Northridge treasurer Felicia Drummey described the times as unprecedented and tragic Nov. 24 before a troubled board of education unanimously decided to eliminate four classified positions, spring sports and extracurricular activities in an effort to balance its operating budget.

"It's a true tragedy we're discussing these cuts," Drummey said. "We're taking away from programming and the service we provide. This is the first of many. Our district is in turmoil. We've been building up to this. This is the writing on the wall."

It was almost midnight on Monday when the board acted to eliminate the following for the balance of the current school year: two secretarial and two custodial positions, costing a total of $76,263; equipment purchases totaling $65,000; supplies with a pricetag of $20,000; cuts in supplemental contracts, stipends, transportation and fuel totaling $50,000; and $30,000 in purchased services.

Board member Lee Hatfield proposed tabling the decision to cut senior spring varsity sports and non-sporting activities until Dec. 15, but his motion failed 4-1.

The board crunched numbers with Drummey in a public meeting that began at 9 p.m. in a packed media center, with students lining the front row.

Even with the approximately $242,300 in reductions, the district is left with a $42,000 operating deficit and expenses exceeding revenue by $25,000, Drummey said. The district will still need to borrow to make its July payroll.

Borrowing against future revenue isn't new to the district, Drummey said.
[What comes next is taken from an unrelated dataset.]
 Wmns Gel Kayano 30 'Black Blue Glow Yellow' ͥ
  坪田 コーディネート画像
It was forced to do that in July and a year ago January.

The district borrowed $783,870 on July 9 in order to meet its payroll obligations on July 11, she said.

"What presents a challenge for us is there's no cash reserve," she said.
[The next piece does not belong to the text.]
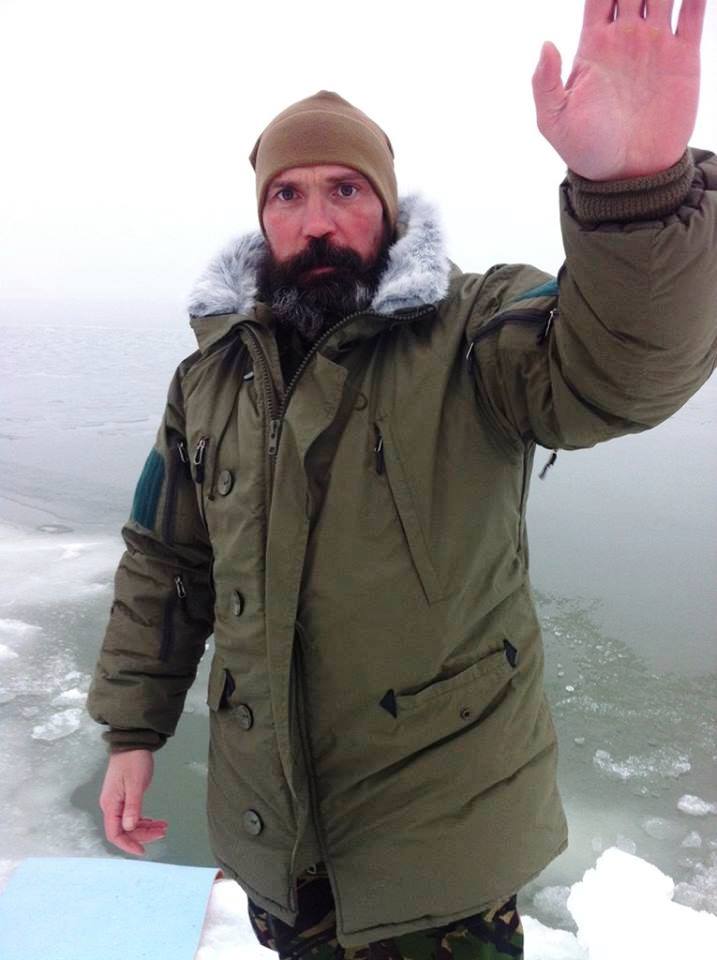 Степан Криворученко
Board members are already talking about taking a ballot issue to the voters in May.

Voters defeated a proposed 3.5-mill emergency operating levy earlier this month, and a proposed earned income tax issue failed in May and November of last year.

Board member Troy Willeke asked whether cuts could be restored if a May ballot issue passes.

"That's the million dollar question," Drummey said. "We can take the objectives of the board back to the (finance) committee and model it."

Superintendent John Shepard said the district needs to plan now for the "what ifs" of May.

"We need to look at instruction and data from the state on how we're utilizing staff," he said. "More than likely there will be reductions in instructional staff."

Drummey said administrators examined extra- and co-curricular activities that have already begun and those will continue.

For instance, she said, the National Honor Society, student councils and Spanish clubs are well into activities and programs, and the recommendation is for those to continue.

The elimination of spring sports and extra-curriculars and transportation and fuel for those activities will save the district $50,000.

Although there's an athletic fund, Drummey said the athletic program overall is not self-supporting.

"The general fund has paid stipends, transportation and fuel," she said.

In other board action, a resolution was approved to allow negotiations for the sale of the Hartford building in Croton.

The next board of education meeting will be held at 7 p.m. on Monday, Dec. 15, in the high school media center.